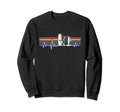 Large Format Field Camera Heartbeat Sweatshirt - Unique Graphic Unisex - T-Shirt, Sweatshirt, Hoodie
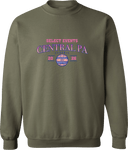 Crew Sweatshirt - Central PA Challenge 2026 (Collegiate Shield)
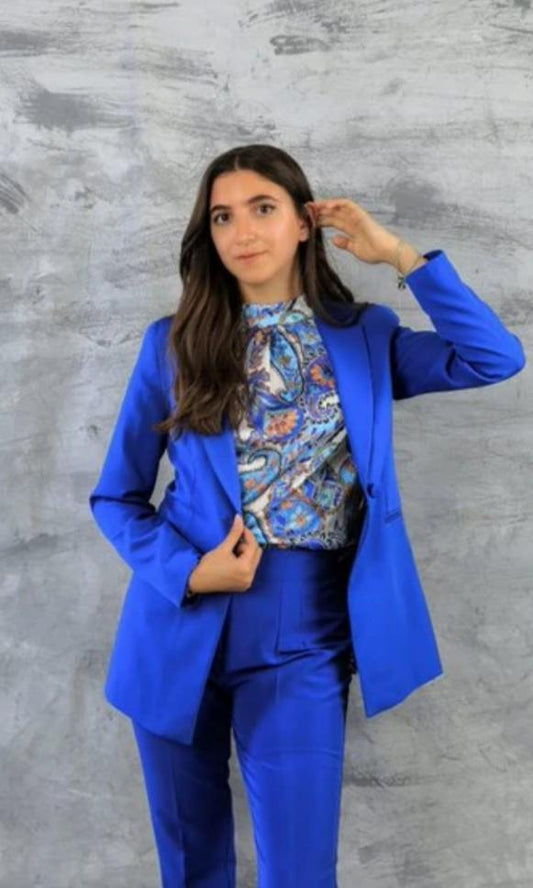 Royal Blue Blazer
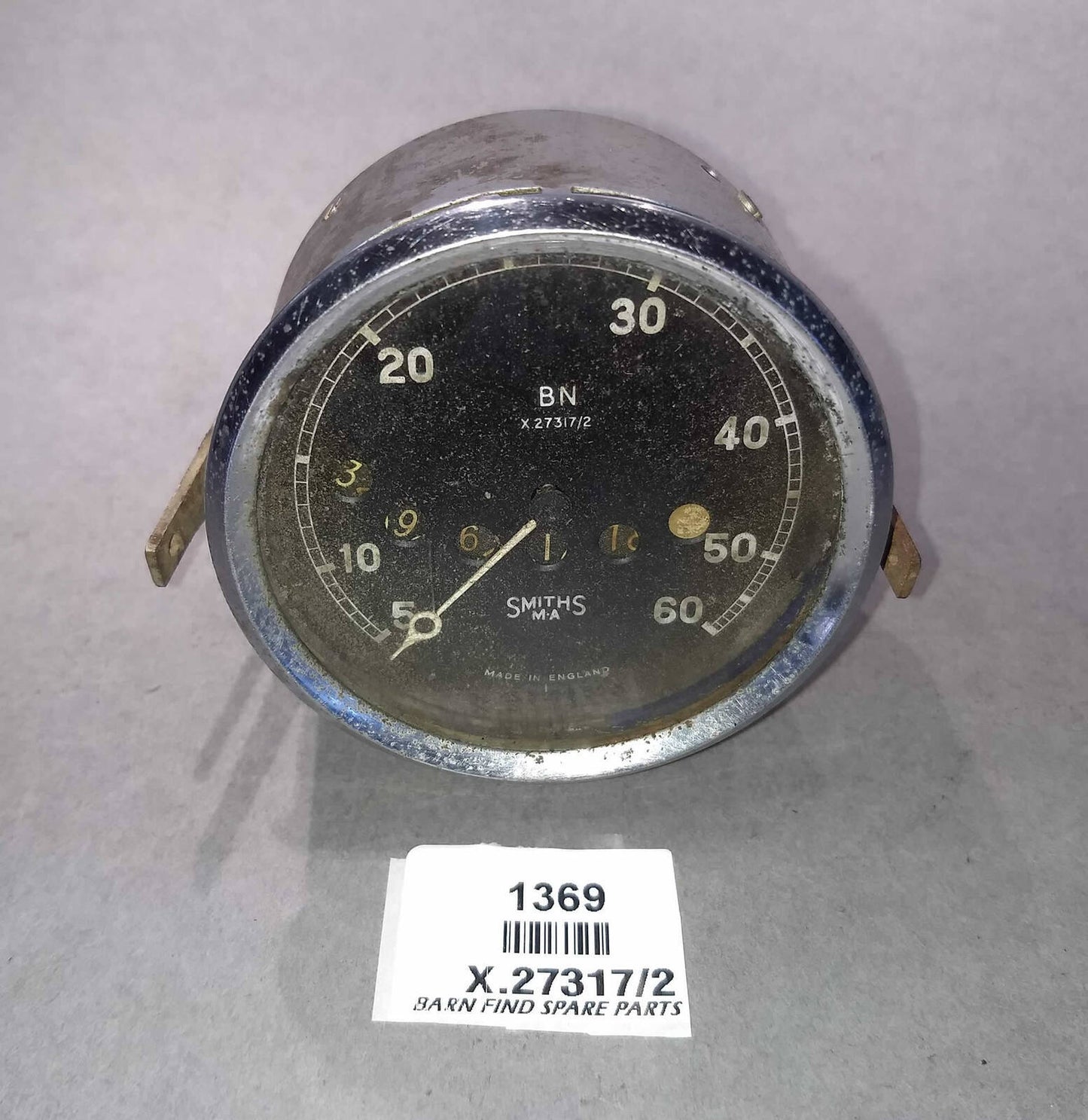 Smiths Speedo Speedometer X.27317/20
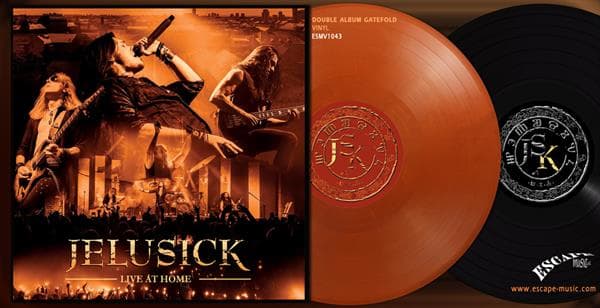 Jelusick - Live At Home (2 LP)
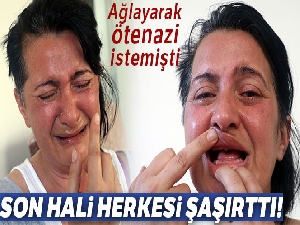 Aynaya bakmaya korkuyordu, 1,5 yıl aradan sonra karşısına geçip gülücükler saçtı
● ● ● ● ● ● ●
- **What the exercise asks**:
For the entries above, the output must hold exactly the lines from the one with "Smiths Speedo Speedometer X.27317/20" through the last line, both included, and no pictures.

- **Exercise solution**:
 Smiths Speedo Speedometer X.27317/20
 Jelusick - Live At Home (2 LP)
 Aynaya bakmaya korkuyordu, 1,5 yıl aradan sonra karşısına geçip gülücükler saçtı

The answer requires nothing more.